The mist rolls in, a brine-soaked shroud,

Where Pacific spirits, fierce and loud,

Step from the tide in boots of salt,

With secrets locked in a rusted vault.

They are the daughters of hurricane’s breath,

Who flirt with the fathomless, dance with death,

Their corsets of kelp, their fingers of bone,

Claiming the sand as a hollow throne.

They march on the pier, the Santa Monica shore,

Where the city’s electric heartbeat starts to roar.

Yes tomorrow, the cafe—that Unurban stage—

Shall witness a myth from a darker age.

The Sunday Songbirds, with eyes of glass,

Watch the shadows shiver as the sirens pass,

A collision of steel, of coffee, and gales,

As the sultry pirates unfurl semi true tales.

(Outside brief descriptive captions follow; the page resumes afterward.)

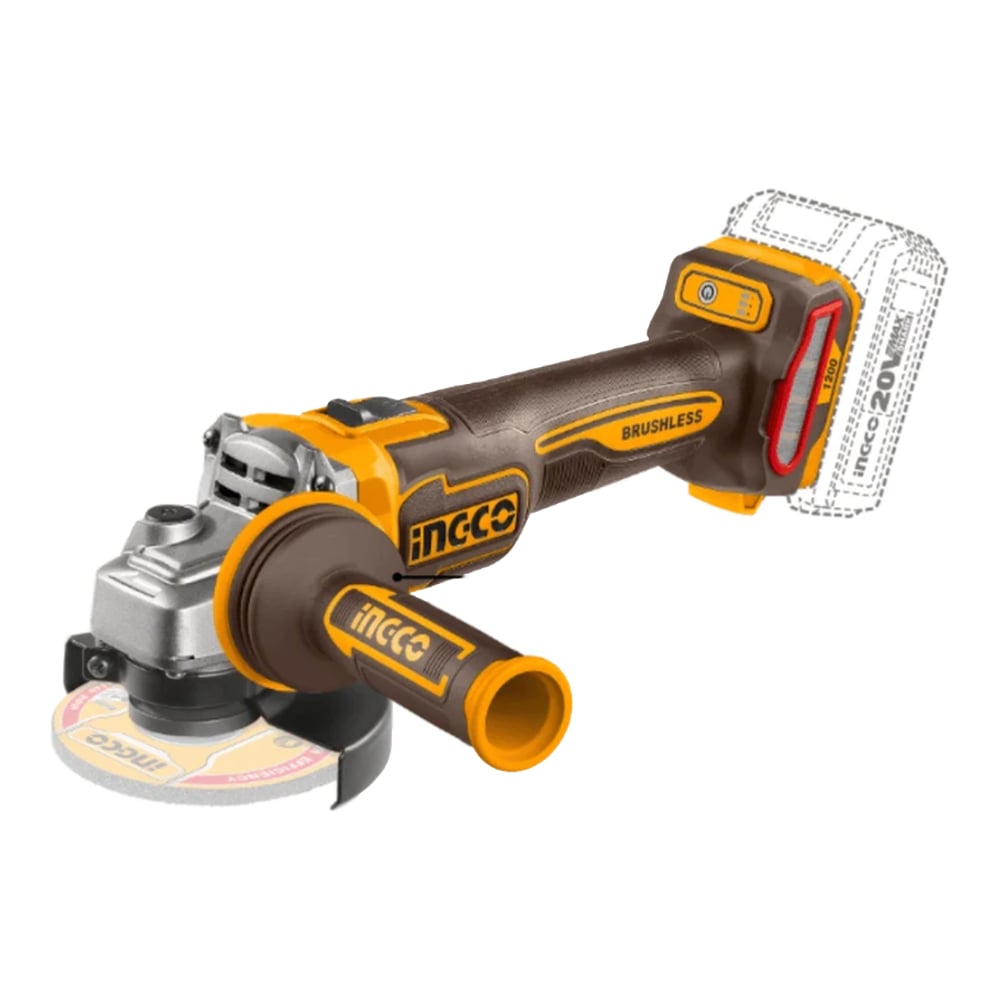 Изображение товара УШМ Аккумуляторная INGCO INDUSTRIAL 20В, 115 мм, б/щ (4) шт CAGLI2120252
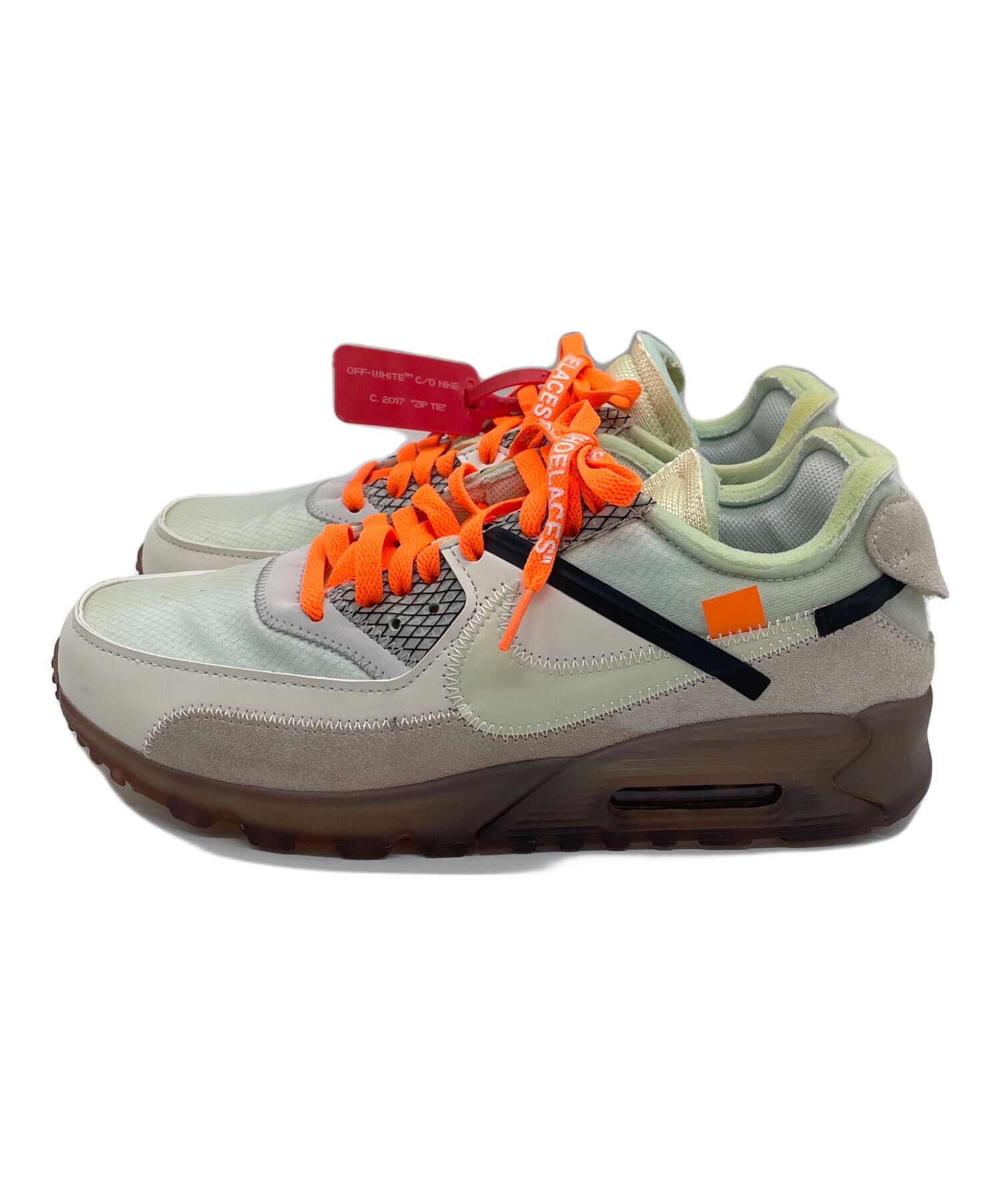 中古・古着通販】NIKE (ナイキ) OFFWHITE (オフホワイト) THE 10 AIR MAX 90/AA7293-100 アイボリー サイズ: 27.5cm｜ブランド・古着通販 トレファク公式【TREFAC FASHION】スマホサイト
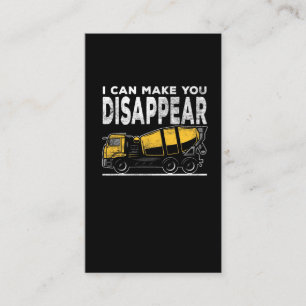 Sarcastic Construction Site Concrete Truck Driver Business Card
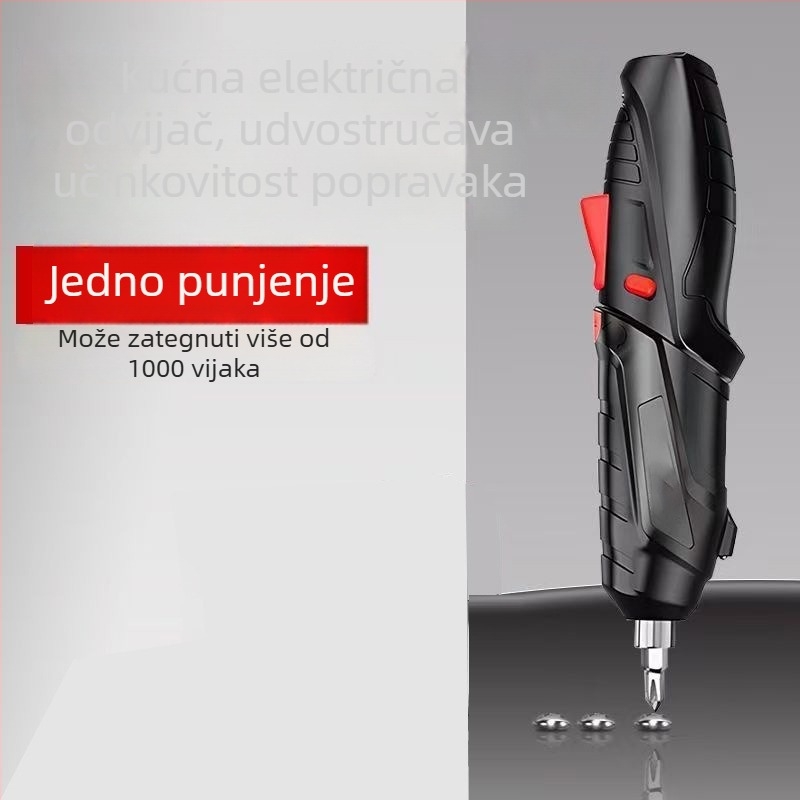 Električna odvijač s litijskom baterijom, punjiva, kompaktna i višefunkcionalna; hvataljka/čeljusti; za hardver; raspon napona 50–250 V AC/DC.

They unfurl their mouths—a cavernous sound,

That shakes the floorboards, rumbles the ground

.

Are the stories real? Did they plunder the stars?

Or were they birthed in the hulls of the bars?

It matters not, for the passion is red,

A volcanic fire that wakes up the dead.

They spin in a riot of velvet and lace,

With a predatory hunger, a lethal grace.

The spoons start to rattle, the windows to weep,

As they sing of the treasures the trenches did keep.

A gleam in their eyes—a dangerous, cold light—

That turns the cafe into a ship in the night.

Come witness the revelry, reckless and grand,

As the ghosts of the ocean reclaim the land.

Eat of the wonder, drink deep of the fright,

And dance till the pirates dissolve in the light.